Home Support Providers
Community Support providers generally are not-for-profit organizations who
receive funding from the government and are comprised of paid and volunteer
staff. Services include adult day programs; Alzheimer/dementia overnight
care; friendly visiting; intergenerational programs, social and recreation;
and transportation. Some community support providers also employ nurses and
personal support workers and have contracts with CCACs.
Institutional and Private-duty Providers
Staffing and private-duty providers generally are nursing providers that provide
individuals with nursing, homemaker, personal support worker, and companion
services. Some staffing and private-duty providers assign nurses to assess
their clients' needs to ensure that personnel are properly assigned and provide
ongoing supervision. These providers recruit their own personnel. Again,
responsibility for patient care rests with each provider.
Pharmaceutical and Infusion Therapy Companies
Pharmaceutical and infusion therapy companies specialize in the delivery of
drugs, equipment, and professional services for individuals receiving intravenous
or nutritional therapies through specially placed tubes. These companies
employ pharmacists who prepare solutions and arrange for delivery to patients.
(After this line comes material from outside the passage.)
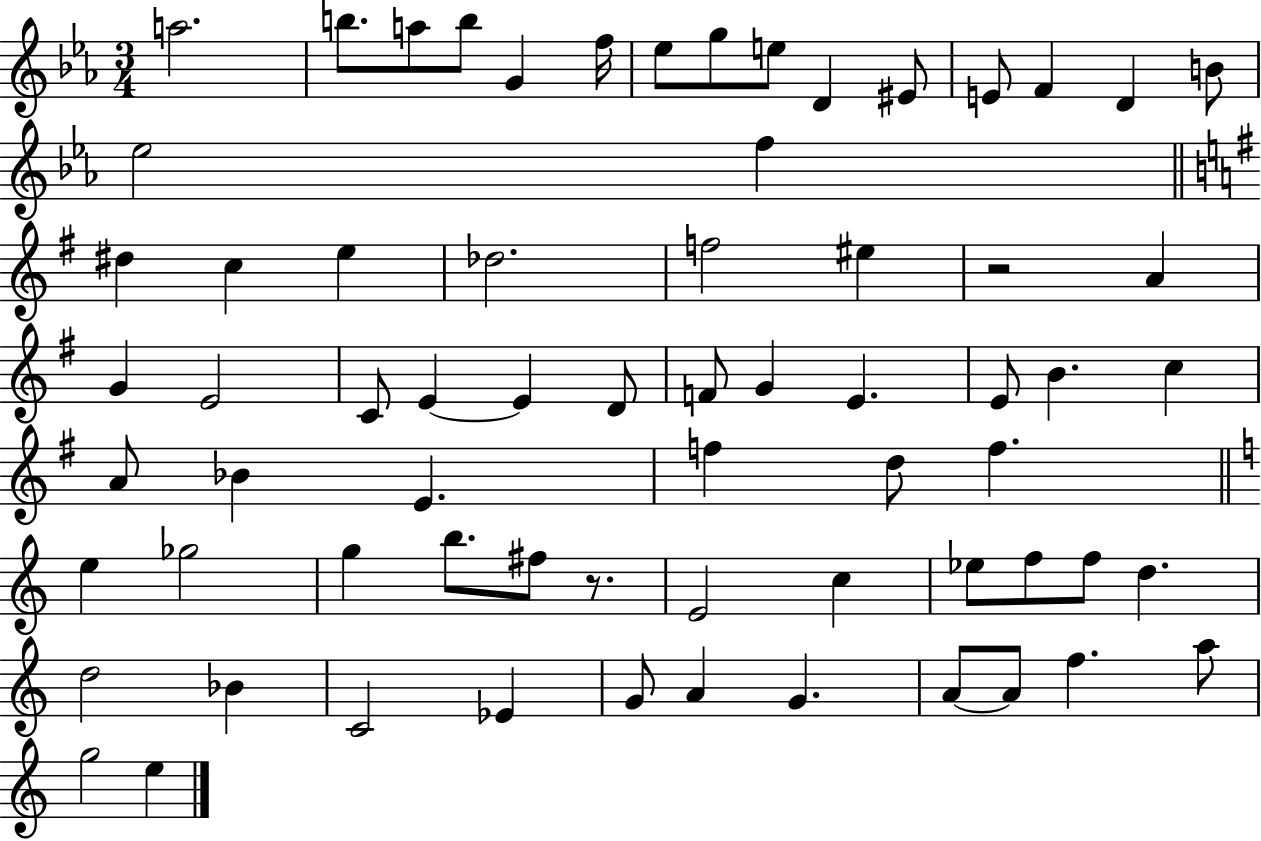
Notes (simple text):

A5/h. B5/e. A5/e B5/e G4/q F5/s Eb5/e G5/e E5/e D4/q EIS4/e E4/e F4/q D4/q B4/e Eb5/h F5/q D#5/q C5/q E5/q Db5/h. F5/h EIS5/q R/h A4/q G4/q E4/h C4/e E4/q E4/q D4/e F4/e G4/q E4/q. E4/e B4/q. C5/q A4/e Bb4/q E4/q. F5/q D5/e F5/q. E5/q Gb5/h G5/q B5/e. F#5/e R/e. E4/h C5/q Eb5/e F5/e F5/e D5/q. D5/h Bb4/q C4/h Eb4/q G4/e A4/q G4/q. A4/e A4/e F5/q. A5/e G5/h E5/q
Nurses also are hired to teach self-administration in patients' homes. Each
company assumes responsibility for personnel and the services rendered.
Durable Medical Equipment and Supply Dealers
Durable medical equipment and supply dealers provide home care patients with
products ranging from respirators, wheelchairs, and walkers, to catheter
and wound care supplies. These dealers employ staff who deliver and, when
necessary, install these products as well as instruct patients on their proper
in-home use. Durable medical equipment and supply dealers usually do not
provide physical care for patients, but there are a few exceptions. Some
dealers offer pharmacy and infusion services, where a nurse administers medication
and nutritional formulas to patients and teaches them the proper techniques
for self-administration. Some companies also provide respiratory therapy
services to help individuals use breathing equipment. Each dealer is liable
for its personnel and the services provided to patients.
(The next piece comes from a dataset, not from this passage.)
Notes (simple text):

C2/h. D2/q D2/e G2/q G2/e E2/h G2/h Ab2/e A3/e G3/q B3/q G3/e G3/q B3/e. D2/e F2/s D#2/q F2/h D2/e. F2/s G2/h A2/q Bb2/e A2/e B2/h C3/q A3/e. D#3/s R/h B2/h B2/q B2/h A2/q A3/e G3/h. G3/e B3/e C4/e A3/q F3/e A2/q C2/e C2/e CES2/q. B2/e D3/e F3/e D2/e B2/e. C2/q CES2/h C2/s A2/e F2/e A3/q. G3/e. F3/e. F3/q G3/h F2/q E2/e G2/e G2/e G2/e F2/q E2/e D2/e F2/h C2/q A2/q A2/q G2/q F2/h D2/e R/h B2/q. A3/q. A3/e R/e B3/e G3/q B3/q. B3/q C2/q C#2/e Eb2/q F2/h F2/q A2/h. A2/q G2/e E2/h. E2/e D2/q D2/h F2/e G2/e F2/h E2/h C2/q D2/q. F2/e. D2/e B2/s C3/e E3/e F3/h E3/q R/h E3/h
The Ministry of Health and Long-Term Care (MOHLTC)
is the department of the Ontario government that is responsible for administering
the health care system and providing health care services to the public
through such programs as health insurance (OHIP), drug benefits, assistive
devices, care for the mentally ill, long-term care, home and community
support services, public health, health promotion and disease prevention.
The MOHLTC also funds and regulates hospitals and long-term care facilities,
operates psychiatric hospitals and public health laboratories and co-ordinates
emergency health services.
Care Access Centres (CCACS) are the provincially-funded organizations
providing information about the care options available in designated
geographic areas. In 1996, the Ministry of Health and Long-Term Care
established 43 Community Care Access Centres covering all of Ontario.
CCACs serve as a local point of contact and service co-ordination.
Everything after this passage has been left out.